Police Must Face Suit After PA Arson Acquittal

     PHILADELPHIA (CN) — A woman’s acquittal on arson charges does not block her from suing police who she says fabricated the evidence against her, the Third Circuit ruled.
     The fire broke out on Nov. 21, 2012, on the third floor of Michelle Black’s childhood home in Lower Merion Township, Pennsylvania.
     Black’s mother had sold the home two days before the fire, but the buyers could not get insurance because of the outdated electrical wiring was seen as a fire hazard.
     Needing to upgrade the wiring before moving in, the buyers pushed up the closing but agreed to Black’s mother remove her possessions from the property while their electricians worked.
     Black had been living in California but was in Pennsylvania to help her mother move.
     The fire started while Black and the electricians were in the house.

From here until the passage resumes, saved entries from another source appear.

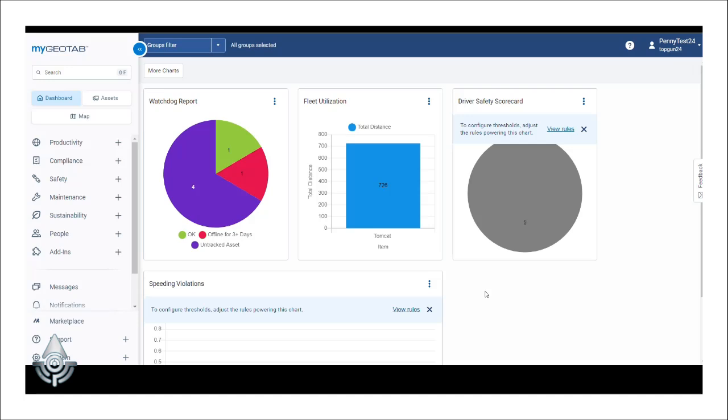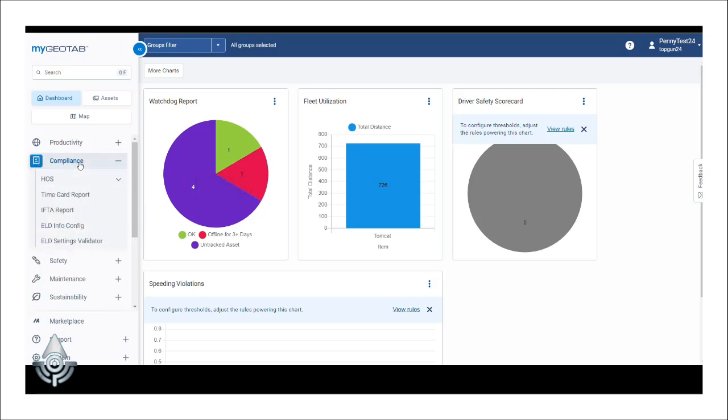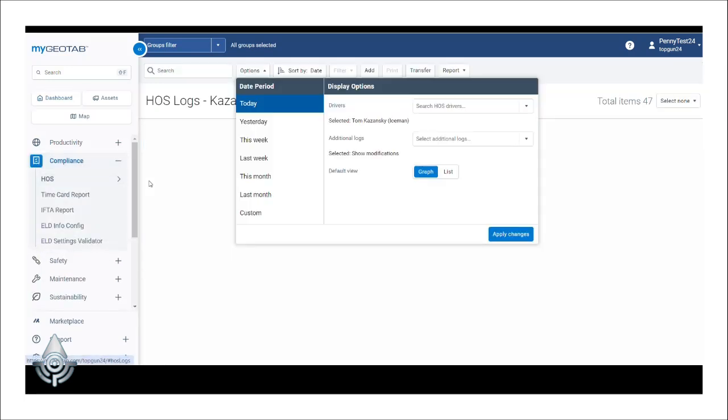From the MyGeotab dashboard, we'll click the Compliance option on the left, followed by HOS, then Logs.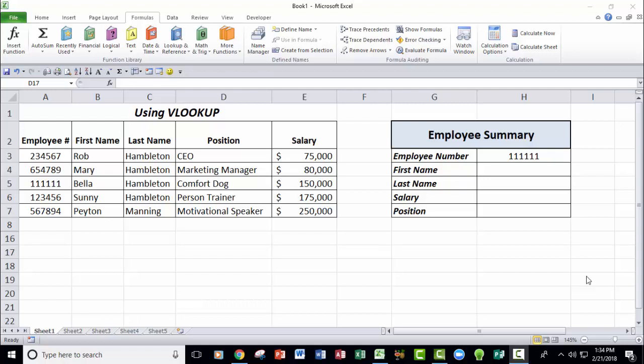Hello! Whenever I teach an intermediate to advanced Microsoft Excel class, invariably people want to learn about a function called VLOOKUP.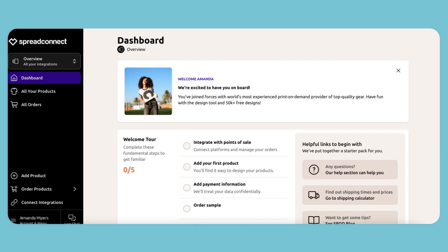Hi everyone! I'm here today to show you how to create your TikTok shop account and connect it to your Spread Connect account.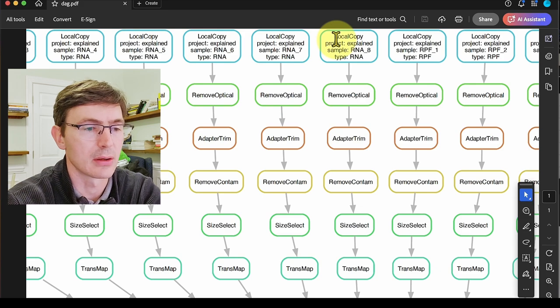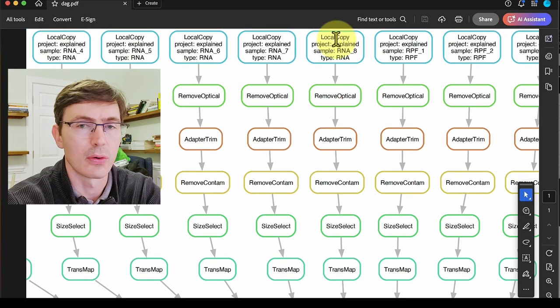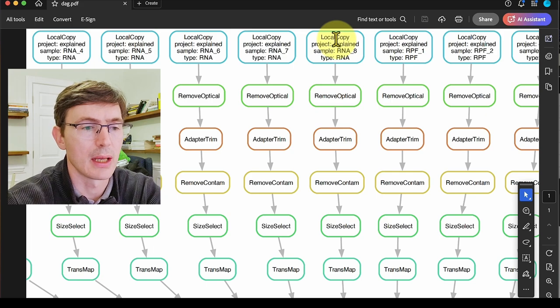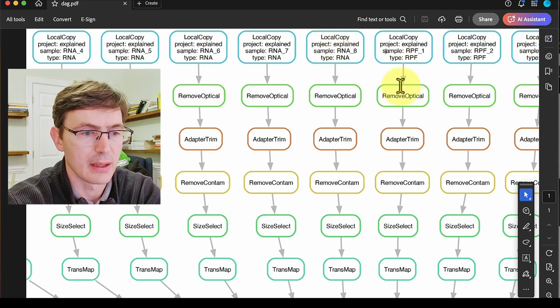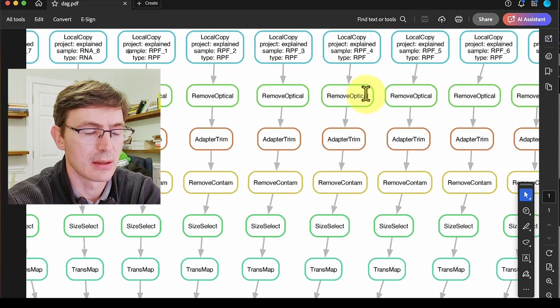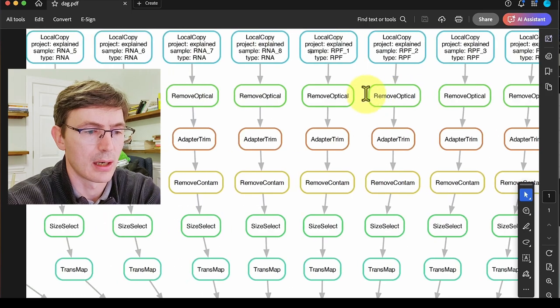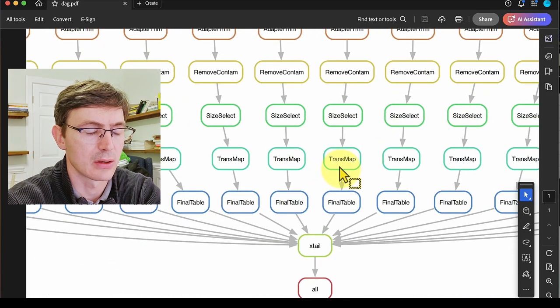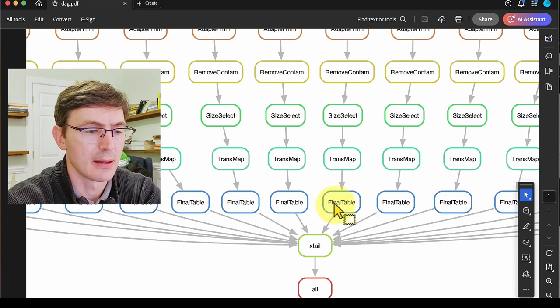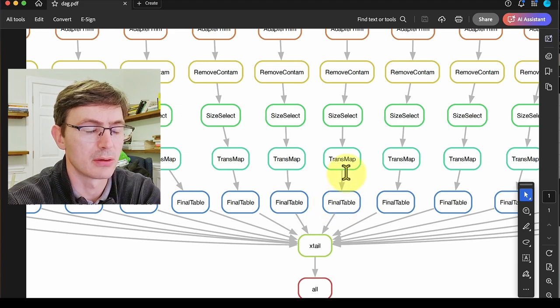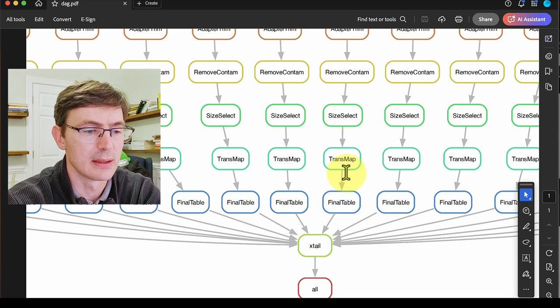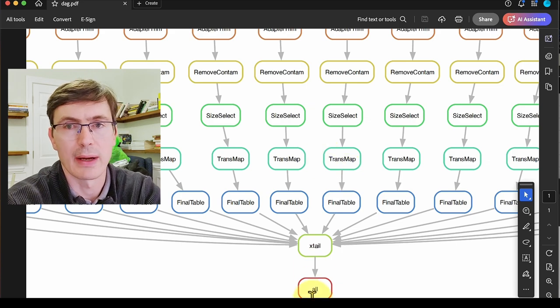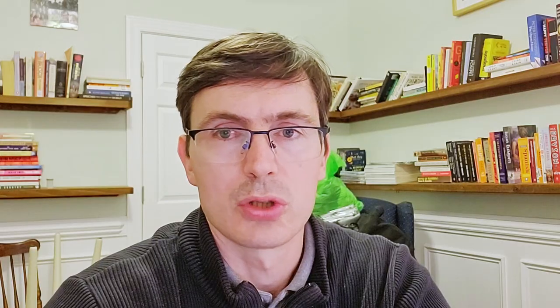If we look, we start here at the top with this local copy rule that copies the FASTQ files, and this is done for each and every single FASTQ, both for the RNA and the RFP conditions. You see that these rules are quite linear for each of the independent FASTQ files. But at the end we create these tables that are coming from mapping those processed FASTQ files, and we feed them into this function ExtAil that will give us the final file that we want.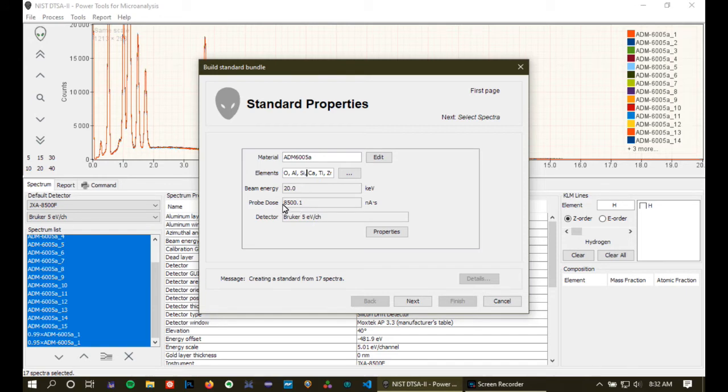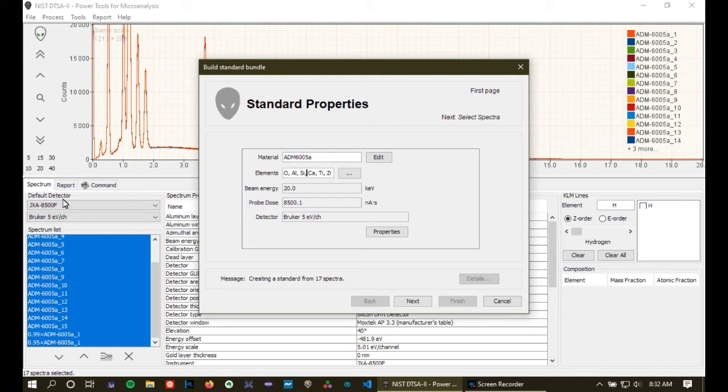This information is being read out from inside the files. This is the probe dose associated with all 17 spectra. This is the beam energy and the detector. The detector is this default detector that you see over here. All right, so that all looks good.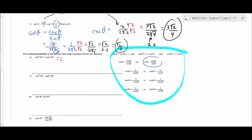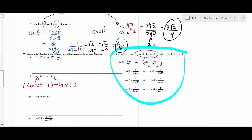Next: you have a sec²θ and a tan²θ. Which Pythagorean identity has both? The identity tan²θ + 1 = sec²θ. Rearrange it: sec²(25°) equals tan²(25°) + 1. Substitute that in, bring down the minus tan²(25°), and they cancel — leaving 1. When you see both secant squared and tangent squared, use that identity.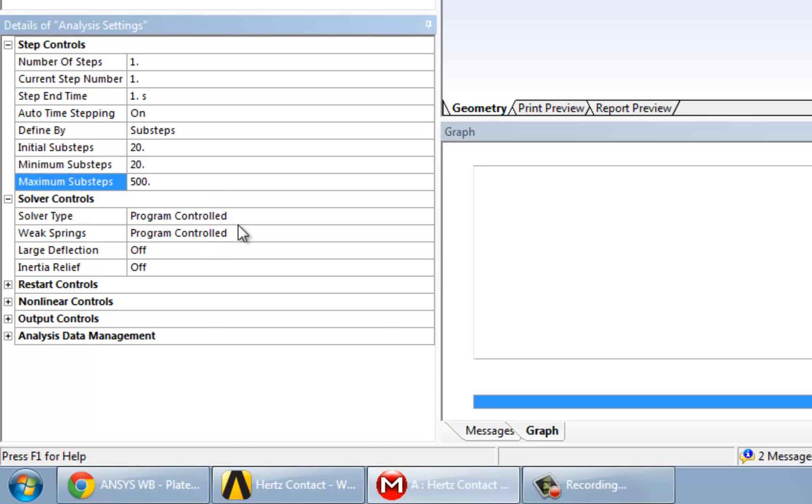In case it's having difficulty converging, then it's going to go beyond our initial Sub-Steps of 20 into however many Sub-Steps it needs.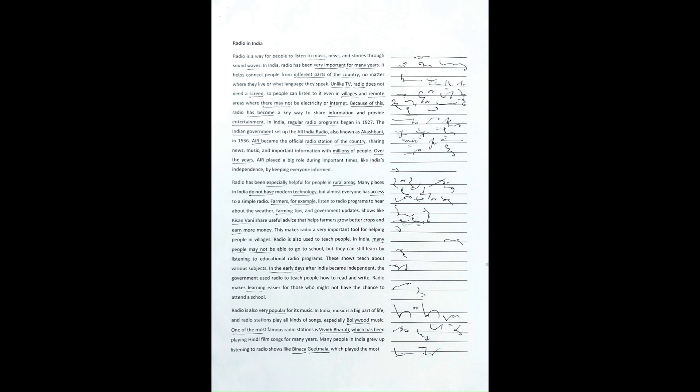It helps connect people from different parts of the country, no matter where they live or what language they speak. Unlike TV, radio does not need a screen.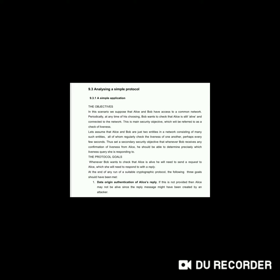Hello everyone. Today we will discuss analyzing a simple protocol. First we will see a simple application. In this scenario, we suppose that Alice and Bob have access to a common network. Periodically, at any time of his choosing, Bob wants to check that Alice is still alive and connected to the network. This is the main security objective, referred to as a check of liveness.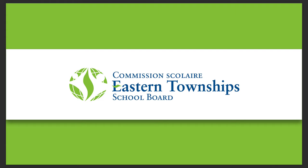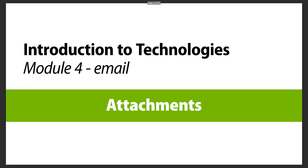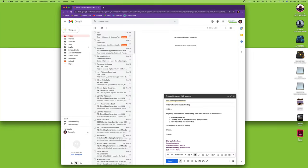Hi, welcome to the Eastern Township School Board series of videos. In this module, we take a look at attaching a file to an email in Gmail. Let's go to Gmail now. In here, I've already composed an email.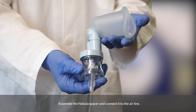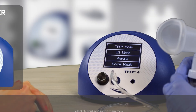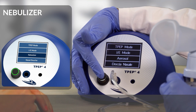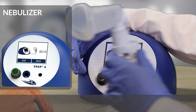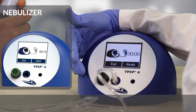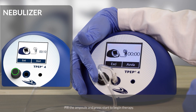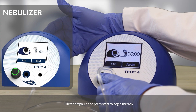Nebulizer. Assemble the Nebula spacer and connect it to the airline. Select Nebulizer in the main menu. Combined with TPEP and Inspiratory-Expiratory mode treatments, the Nebulizer allows a controlled pharmacological treatment of the lower airways. MMAD: 1.9 microns. Fill the ampoule and press Start to begin therapy.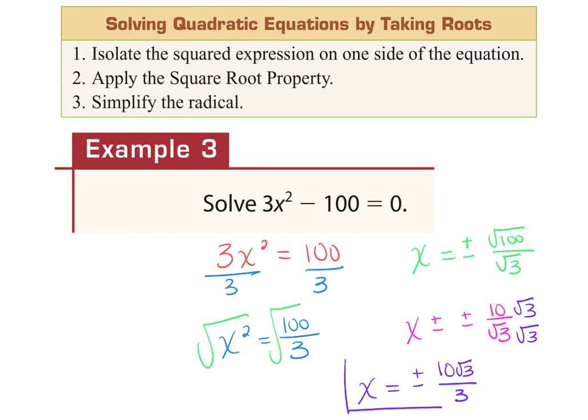The square root of 100 is 10, so I have plus or minus 10 over the square root of 3. Just like when we were simplifying, we need to get rid of the radical in the denominator, so we multiply the top and bottom by the square root of 3. My final answer is x equals positive or negative 10√3 over 3. Don't forget the positive and negative — that represents two answers.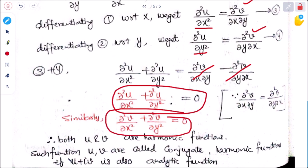Such functions u and v are called conjugate harmonic functions — if u and v are harmonic and u + iv forms an analytic function, then they are called conjugate harmonic functions. 'Conjugate' means they are paired with each other. Some problems on this will be done in the next class, where we will see how to apply these conditions and how to prove whether a given function is harmonic or not.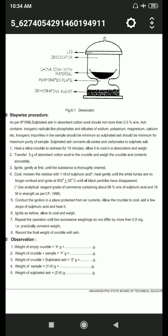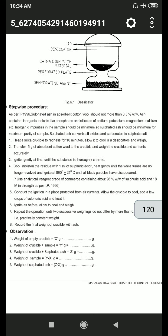Use analytical reagent grade sulfuric acid containing about 98% weight by weight, as per IP 1996. Conduct the ignition in a place protected from air currents. Then allow the crucible to cool, add a few drops of sulfuric acid and heat it, then ignite as before. Allow to cool and weigh. Repeat the operation until two successive weighings do not differ by more than 0.5 mg, that is, until constant weight is achieved.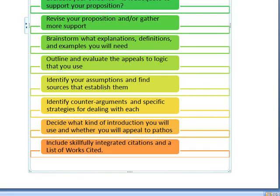Once you've identified your assumptions, you need to go find sources that establish them. Then identify counter-arguments. If someone thinks differently from you about this topic, what are they going to say? I want you to find a specific strategy for dealing with each counter-argument.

Black says the flames left a V-shaped pattern of damage extending from a 220-volt electrical outlet, but the fire marshal nevertheless decided that the fire had not been accidental.
     Pennsylvania authorities issued a warrant for Black’s arrest that December, after she had returned to California.
     In addition to retaining an expert who testified that the fire was unequivocally electrical, not arson, Black submitted evidence that Montgomery County and the township had fabricated evidence against her and suppressed evidence that exculpated her.
     The state’s entire case apparently rested on a box of matches found on a windowsill in the room where the fire started. Black says no one ever tested the matchbox, however, for DNA or fingerprints, or analyzed whether the match strike pad had been used.
     A jury took less than 40 minutes to find Black not guilty in 2014, and she filed suit against investigators for malicious prosecution, among other claims.
     Black says the fire marshal failed to preserve the outlet, electrical box and other evidence.
     As for the marshal’s proposition that the outlet could not have stated the fire, because it was supposedly not working, Black says he lied about seeing the wire to the outlet cut 18 inches from the outlet.
     Black also accuses the fire inspector of not having checked the circuit panel in the basement or the outlets. He allegedly left out the fact that electricians were at the scene to fix the wiring at the time of the fire, and he allegedly failed to note that the live wires were never tested, even though they were burned.
     Though a federal judge dismissed Black’s case, the Third Circuit reversed Tuesday.
     “Black has sufficiently alleged that her liberty was intentionally restrained … and her acquittal does not preclude her claim that the defendants intentionally fabricated evidence in violation of the due process clause of the Fourteenth Amendment,” U.S. Circuit Judge Michael Chagares wrote for a three-person panel.